**Given information**
################

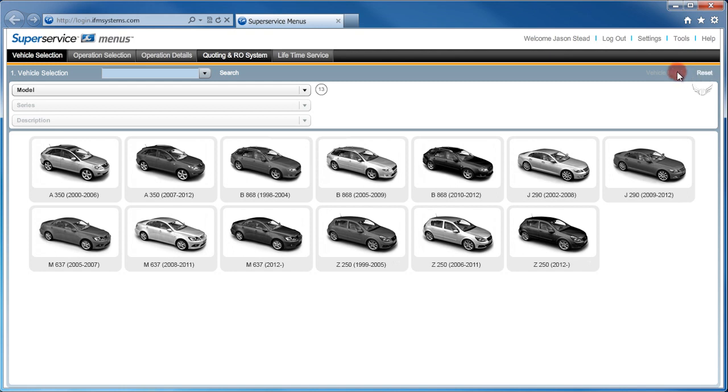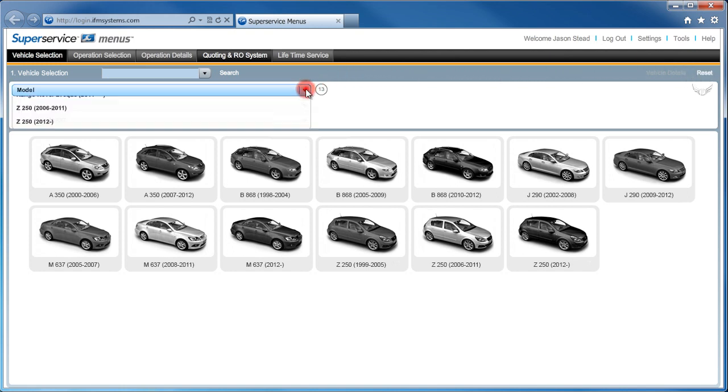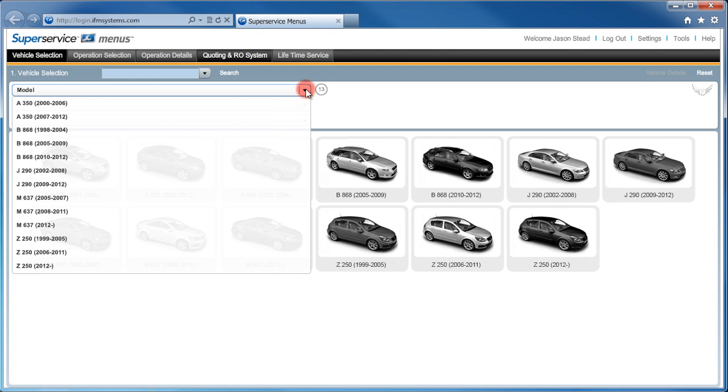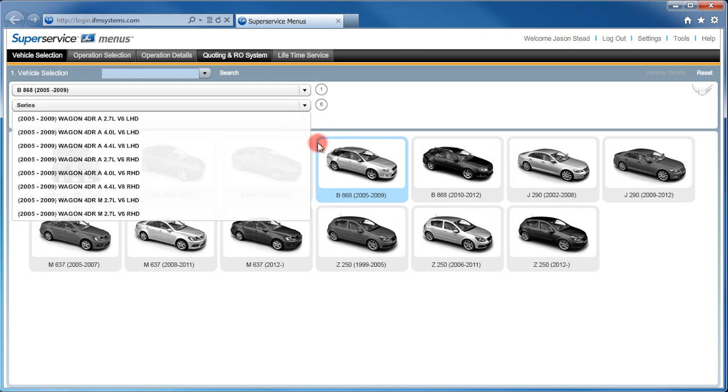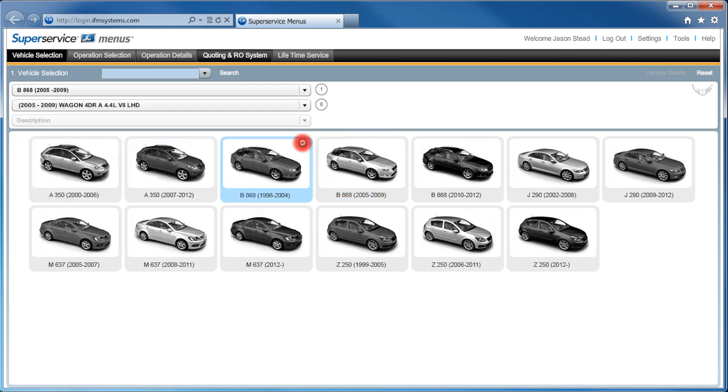Don't have a VIN? Don't worry, we can also identify a vehicle by quickly selecting the model using the dropdown lists here. Or you can also use the Graphic Index, then simply select the series.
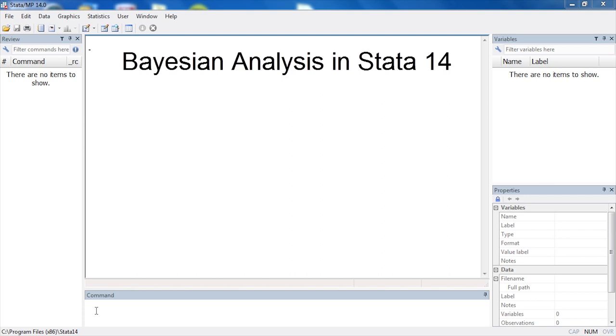Hi Chuck Huber here for the Stata YouTube channel. Today I'd like to introduce you to the new Bayesian analysis features in Stata 14.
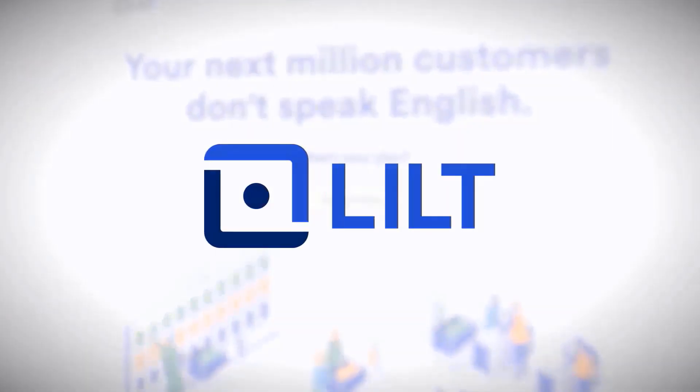That completes our overview of the Lilt Drupal connector, which allows you to pull content from Drupal into Lilt to be translated, and push that content back seamlessly into Drupal.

################

**What this task involves**
Exclude all pictures and reproduce verbatim the lines running from the line that contains "Hi Chuck Huber" to the end of the data above, both ends included.

**Expected answer**
Hi Chuck Huber here for the Stata YouTube channel. Today I'd like to introduce you to the new Bayesian analysis features in Stata 14.
That completes our overview of the Lilt Drupal connector, which allows you to pull content from Drupal into Lilt to be translated, and push that content back seamlessly into Drupal.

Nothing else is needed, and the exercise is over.